On 1 March 1916 hostilities began between the Sudanese government and the Sultan of Darfur. The Anglo-Egyptian Darfur Expedition was conducted, to forestall an imagined invasion of Sudan and Egypt, by the Darfurian leader Sultan Ali Dinar, which was believed to have been synchronised with a Senussi advance into Egypt from the west. The Sirdar (commander) of the Egyptian Army, organised a force of c. 2,000 men at Rahad, a railhead 200 mi east of the Darfur frontier. On 16 March, the force crossed the frontier in lorries from a forward base established at Nahud, 90 mi from the border, with the support of four aircraft. By May, the force was close to the Darfur capital of El Fasher. At the Affair of Beringia on 22 May, the Fur Army was defeated and the Anglo-Egyptian force captured the capital the next day.
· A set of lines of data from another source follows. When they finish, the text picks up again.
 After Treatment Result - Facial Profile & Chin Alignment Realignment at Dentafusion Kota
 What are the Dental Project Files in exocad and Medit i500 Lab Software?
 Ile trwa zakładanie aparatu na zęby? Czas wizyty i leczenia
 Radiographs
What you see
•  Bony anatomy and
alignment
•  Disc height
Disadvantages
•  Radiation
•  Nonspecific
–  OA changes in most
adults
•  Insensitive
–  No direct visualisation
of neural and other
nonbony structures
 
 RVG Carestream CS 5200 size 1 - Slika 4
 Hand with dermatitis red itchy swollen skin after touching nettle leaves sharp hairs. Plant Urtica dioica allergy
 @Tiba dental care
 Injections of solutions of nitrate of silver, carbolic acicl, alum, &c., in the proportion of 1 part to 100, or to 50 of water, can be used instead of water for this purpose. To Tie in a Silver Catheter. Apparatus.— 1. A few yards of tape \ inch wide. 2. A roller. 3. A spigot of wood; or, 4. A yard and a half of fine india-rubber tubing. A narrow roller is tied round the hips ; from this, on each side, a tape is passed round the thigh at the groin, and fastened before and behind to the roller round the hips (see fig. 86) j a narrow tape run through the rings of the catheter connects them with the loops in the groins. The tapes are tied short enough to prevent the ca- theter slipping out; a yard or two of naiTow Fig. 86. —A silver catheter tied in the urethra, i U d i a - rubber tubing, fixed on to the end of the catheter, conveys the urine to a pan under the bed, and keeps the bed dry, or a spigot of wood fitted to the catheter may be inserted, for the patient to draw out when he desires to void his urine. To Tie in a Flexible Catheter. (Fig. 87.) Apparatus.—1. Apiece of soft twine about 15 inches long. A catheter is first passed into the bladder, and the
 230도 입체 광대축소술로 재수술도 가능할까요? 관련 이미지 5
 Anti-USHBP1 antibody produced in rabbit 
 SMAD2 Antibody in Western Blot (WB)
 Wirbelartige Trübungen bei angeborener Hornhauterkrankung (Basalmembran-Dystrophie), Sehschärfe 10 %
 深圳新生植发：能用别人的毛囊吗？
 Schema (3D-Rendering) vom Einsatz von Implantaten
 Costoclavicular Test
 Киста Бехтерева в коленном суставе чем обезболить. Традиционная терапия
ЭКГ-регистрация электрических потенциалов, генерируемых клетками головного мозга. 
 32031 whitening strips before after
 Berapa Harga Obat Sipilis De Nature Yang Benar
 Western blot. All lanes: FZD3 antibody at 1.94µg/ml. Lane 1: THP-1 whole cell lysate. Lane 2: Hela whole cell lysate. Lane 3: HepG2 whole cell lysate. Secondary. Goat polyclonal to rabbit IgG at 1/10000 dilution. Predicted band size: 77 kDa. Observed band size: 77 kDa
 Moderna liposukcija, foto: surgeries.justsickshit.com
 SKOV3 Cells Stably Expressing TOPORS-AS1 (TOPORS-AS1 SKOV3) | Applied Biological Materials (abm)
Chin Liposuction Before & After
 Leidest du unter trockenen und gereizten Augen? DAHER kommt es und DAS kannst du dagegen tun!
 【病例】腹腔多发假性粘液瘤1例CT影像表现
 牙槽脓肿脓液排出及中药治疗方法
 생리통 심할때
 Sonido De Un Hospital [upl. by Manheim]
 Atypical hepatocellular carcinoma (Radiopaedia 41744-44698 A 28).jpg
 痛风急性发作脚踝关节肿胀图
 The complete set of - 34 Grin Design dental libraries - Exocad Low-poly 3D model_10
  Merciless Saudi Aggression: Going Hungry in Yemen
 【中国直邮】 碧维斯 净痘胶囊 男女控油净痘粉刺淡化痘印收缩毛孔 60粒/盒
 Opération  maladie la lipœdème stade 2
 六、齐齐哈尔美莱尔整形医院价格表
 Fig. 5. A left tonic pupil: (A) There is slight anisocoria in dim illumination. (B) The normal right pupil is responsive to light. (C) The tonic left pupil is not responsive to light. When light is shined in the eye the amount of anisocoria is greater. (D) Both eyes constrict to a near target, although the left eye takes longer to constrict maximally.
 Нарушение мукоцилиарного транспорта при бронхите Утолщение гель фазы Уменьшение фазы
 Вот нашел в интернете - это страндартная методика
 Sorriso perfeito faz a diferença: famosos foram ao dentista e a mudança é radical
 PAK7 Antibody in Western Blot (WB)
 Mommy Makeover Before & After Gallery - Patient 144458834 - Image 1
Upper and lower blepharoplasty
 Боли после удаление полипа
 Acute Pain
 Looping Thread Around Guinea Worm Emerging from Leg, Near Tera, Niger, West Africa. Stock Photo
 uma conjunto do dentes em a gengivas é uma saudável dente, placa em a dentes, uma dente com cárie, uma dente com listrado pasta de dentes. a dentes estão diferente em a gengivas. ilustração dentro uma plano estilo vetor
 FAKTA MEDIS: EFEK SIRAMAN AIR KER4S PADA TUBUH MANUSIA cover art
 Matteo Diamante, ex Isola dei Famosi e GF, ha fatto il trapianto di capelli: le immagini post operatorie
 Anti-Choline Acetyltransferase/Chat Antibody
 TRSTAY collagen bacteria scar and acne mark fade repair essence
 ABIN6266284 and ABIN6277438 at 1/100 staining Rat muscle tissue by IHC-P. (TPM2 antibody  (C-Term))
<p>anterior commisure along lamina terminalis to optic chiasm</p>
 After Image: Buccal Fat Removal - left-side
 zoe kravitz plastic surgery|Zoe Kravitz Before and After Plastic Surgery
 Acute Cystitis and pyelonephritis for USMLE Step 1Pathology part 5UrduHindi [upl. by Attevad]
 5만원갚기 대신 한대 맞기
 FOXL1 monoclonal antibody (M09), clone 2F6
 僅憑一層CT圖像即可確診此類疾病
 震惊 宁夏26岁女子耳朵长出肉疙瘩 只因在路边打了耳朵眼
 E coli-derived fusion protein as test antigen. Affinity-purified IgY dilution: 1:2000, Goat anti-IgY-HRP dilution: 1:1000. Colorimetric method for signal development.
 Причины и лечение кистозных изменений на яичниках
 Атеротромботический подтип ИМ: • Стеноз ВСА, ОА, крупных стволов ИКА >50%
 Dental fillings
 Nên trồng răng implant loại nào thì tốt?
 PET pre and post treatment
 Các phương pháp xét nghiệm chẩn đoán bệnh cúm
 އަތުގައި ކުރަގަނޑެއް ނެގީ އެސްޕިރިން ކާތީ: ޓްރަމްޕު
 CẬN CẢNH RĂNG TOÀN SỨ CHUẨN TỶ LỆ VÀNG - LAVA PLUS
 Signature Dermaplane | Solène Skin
Dinar and 2,000 followers had left and as they moved south, were bombed from the air.

French troops in Chad, who had returned from the Kamerun campaign, prevented a Darfurian withdrawal westwards. Dinar withdrew into the Marra Mountains 50 mi south of El Fasher and sent envoys to discuss terms but the British believed he was prevaricating and ended the talks on 1 August. Internal dissension reduced the force with Dinar to c. 1,000 men; Anglo-Egyptian outposts were pushed out from El Fasher, to the west and south-west after the August rains. A skirmish took place at Dibbis on 13 October and Dinar opened negotiations but was again suspected of bad faith. Dinar fled south-west to Gyuba and a small force was sent in pursuit. At dawn on 6 November, a combined Anglo-Egyptian forced attacked in the Affair of Gyuba and Dinar's remaining followers scattered and the body of the Sultan was found 1 mi from the camp. After the expedition, Darfur was incorporated into Sudan.

===Italian Libya===
In Libya, the Ottomans supported the Senussi and other local groups to expel the Italians and recover Tripoli. Italy declared war on the Ottoman Empire on 21 August 1915. Italy had reduced its garrisons in Libya for service in Europe and fought a defensive campaign. Ottoman–German operations were based at Misratah, where a submarine visited every couple of weeks with arms and ammunition. The Italians retained their coastal strongholds at Tripoli, Homs, Derna, Benghazi and Tobruk and, in 1916 re-occupied Zuwarah in Tripolitania and Bardia in Cyrenaica. In April 1917, the Accords of Acroma were signed between the British, Italians and the Senussi. The latter stopped conducting attacks and ended their alignment with the Ottomans. The armistice with the Ottoman empire and the Paris Peace conference confirmed Italian control of Libya and deprived the Sultan of his religious rights in the region (Article 121 of the treaty of Sèvres 1920).